No, this isn’t one of those typical college creations, where a jerry-rigged vehicle will be used to transport him to class or bring him beer. This is an actual car — one he hopes will be able to drive on the New Jersey Turnpike.
It’s why the Brick Township native loves attending the school.
And yet so far away.
You can say the students who are part of the Princeton Autonomous Vehicle Engineering team are in a race with technology giants Tesla, Google and Apple.
But professor Alain Kornhauser, who has been leading the group for a decade, admits the truth: Princeton’s efforts will not reach the finish line anytime soon.
In fact, Kornhauser said, unless the group can get more public funding, it may never be more than just a college club.

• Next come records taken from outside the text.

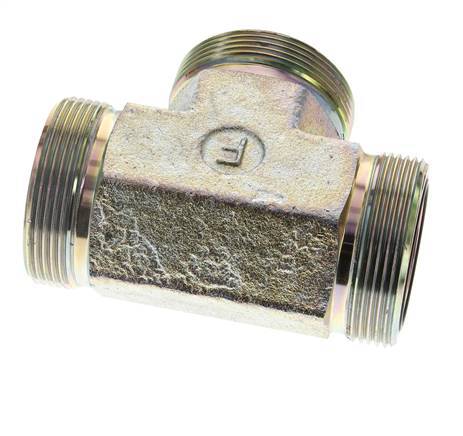 UN 2''-12 Male Zinc plated Steel Tee ORFS 250 Bar - Hydraulic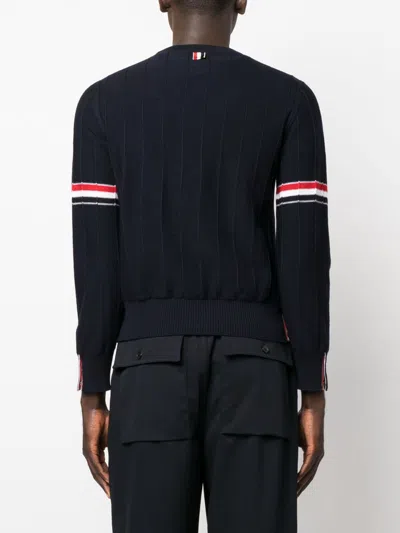 Thom Browne Men Rwb Wool Crewneck Jumper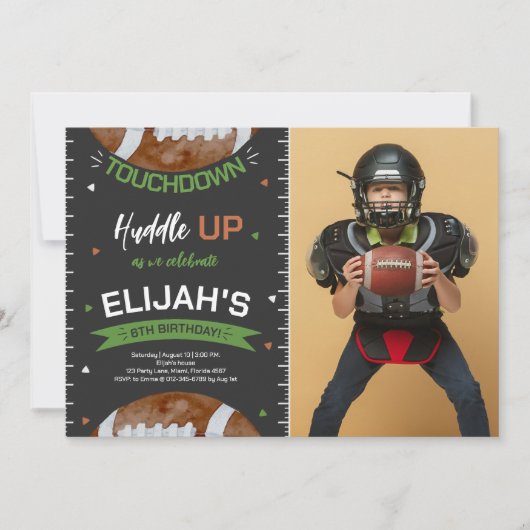 Verjaardagsfoto Amerikaans Football Kaart (Voorkant)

And Kornhauser can’t figure out why. He’s working with some of the best and brightest students in the land on a project that has the potential to bring a new industry (and all the jobs that go with it) to the state.

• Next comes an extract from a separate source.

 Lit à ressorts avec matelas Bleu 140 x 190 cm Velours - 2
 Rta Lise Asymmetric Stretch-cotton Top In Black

“I don’t want to say it’s struggling to get off the ground, but it is working to get off the ground,” he said. “If we would’ve had a little better public-sector support, it would’ve been launched three years ago, but it seems as if the public sector isn’t thrilled about doing this, which is really a shame.”
Kornhauser has been reaching out to companies for years — back when his group had other goals.
“PAVE has its origins with the Defense Advanced Research Projects Agency challenges from 10 years ago, which were to create a vehicle that could drive by itself and began autonomous driving activities,” he said. “It’s also a part of a bigger activity that we’ve been trying to get off the ground, which is called CARTS, or the Center for Automated Road Transportation Safety.